Richard Strauss (1864-1949)
Salomé se estrenó en 1905 en la Semperoper de Dresde y aquel mismo año Strauss echó de nuevo las redes en otro teatro berlinés, donde de nuevo la Eysoldt representaba con mucho éxito la Elektra del dramaturgo y ensayista vienés Hugo von Hofmannsthal. El flechazo artístico entre ambos fue inmediato y, con la decisión de transformar la obra teatral en ópera, nació una de las colaboraciones entre un operista y su libretista —o viceversa— más felices y fructíferas de la historia. En los veinte años siguientes a Electra vendrían El caballero de la rosa, Ariadna en Naxos, La mujer sin sombra, Helena egipcíaca y Arabella, hasta que un accidente cerebrovascular fulminante acabó con la vida de Hofmannsthal poco después del funeral de su hijo, que se había suicidado dos días antes. Aunque Strauss siguió componiendo hasta cinco óperas más, libretísticamente hablando ya nunca levantaría cabeza.

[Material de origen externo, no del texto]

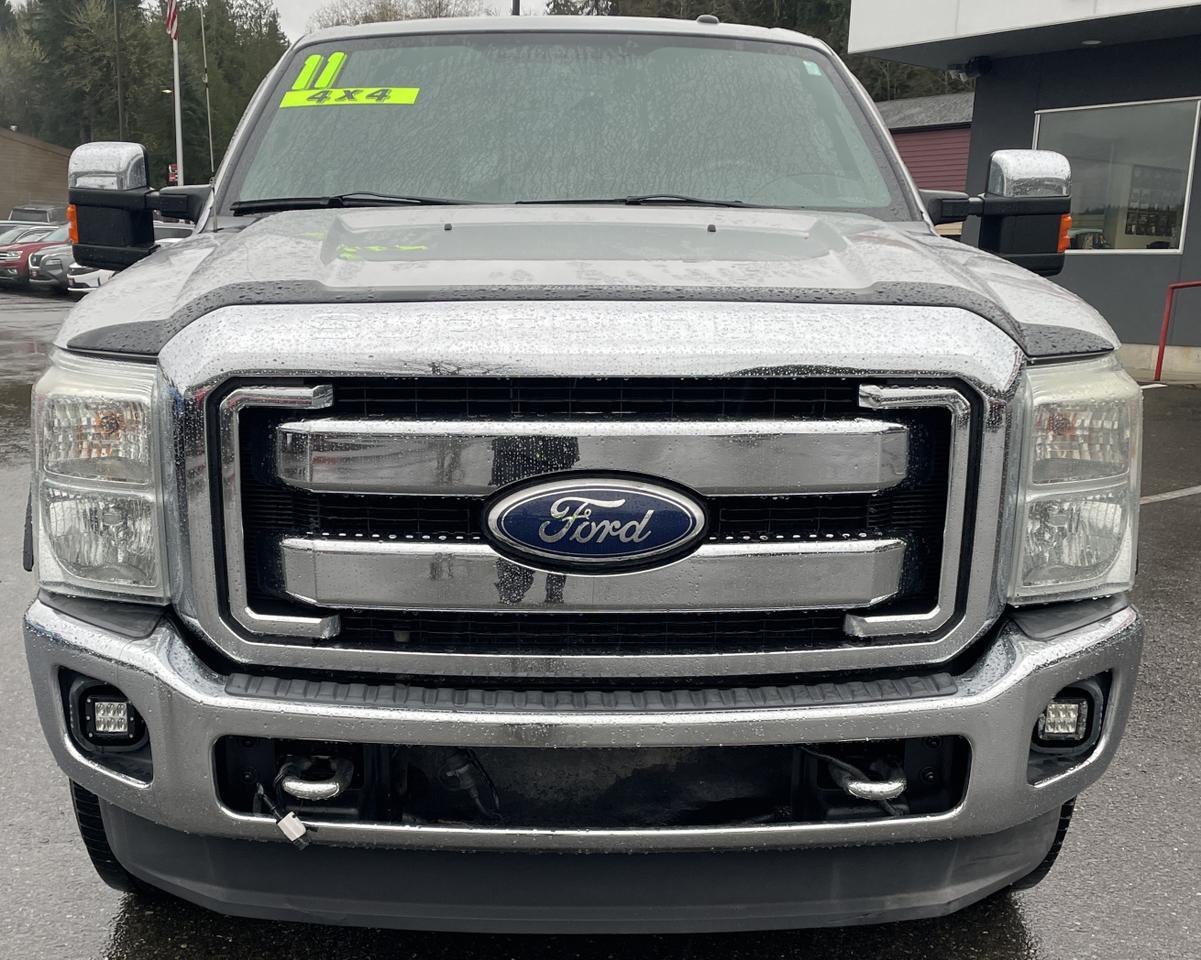 2011 Ford F350 Super Duty Crew Cab Lariat Pickup 4D 6 3/4 ft
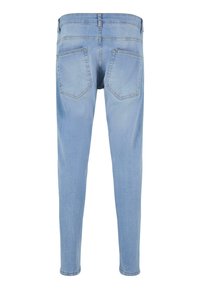 Világoskék farmernadrág, slim fit szabásban, közepes derékkal, két hátsó zsebbe és tiszta szabással a bokánál.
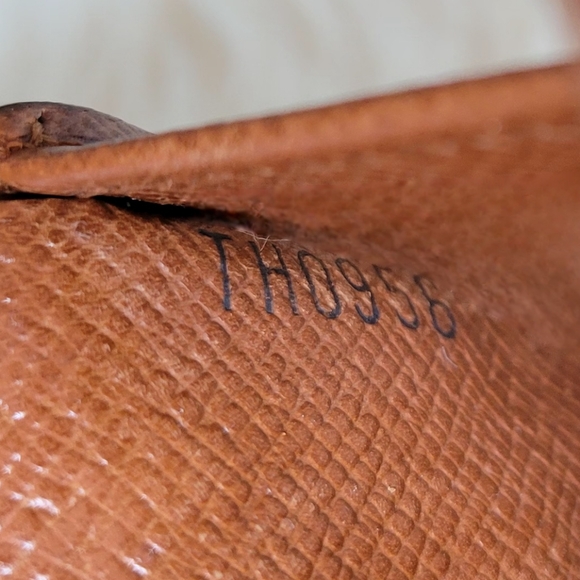 💕Authentic LOUIS VUITTON Compact Wallet Monogram - Picture 8 of 16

Hugo von Hofmannsthal (1874-1929)
La abundante correspondencia entre Strauss y Hofmannsthal revela la excelente relación que los unió, en general, y el grado de compenetración y minuciosidad que alcanzó su colaboración artística:
En la página 77 de Elektra necesito una larga pausa después del primer grito de Elektra: «¡Orestes!». Intercalaré un intermedio orquestal delicado y estremecido mientras Elektra observa a Orestes, al que acaba de recuperar (…) ¿Podría usted añadirme un par de versos antes de pasar al tono sombrío que comienza con las palabras: «No, no debes tocarme», etc.?
Tres días después, Hofmannsthal remitió a Strauss ocho versos que el músico calificó de «maravillosos», y en su carta de respuesta añadió:
Es usted un libretista nato; es éste el mayor cumplido de que soy capaz, pues para mí es mucho más difícil escribir un buen texto de ópera que una buena pieza teatral.
Sin embargo, para el compositor de poemas sinfónicos Richard Strauss parece que la música no sólo debía ser prima, sino incluso sopra le parole. En un ensayo de Electra, el músico rugió desde el podio exigiendo a la mayor orquesta reunida en un foso hasta entonces que tocase todavía más fuerte, pues aún oía vociferar a Clitemnestra…
Tras el paroxismo de Electra, el músico comunicó al libretista que la próxima sería «una ópera de Mozart». En principio iba a llamarse Ochs —apellido del barón, que significa «buey»— pero al final se impuso un título que a Strauss no le gustaba, El caballero de la rosa. Pero a Pauline, su esposa, sí. Y quien manda, manda.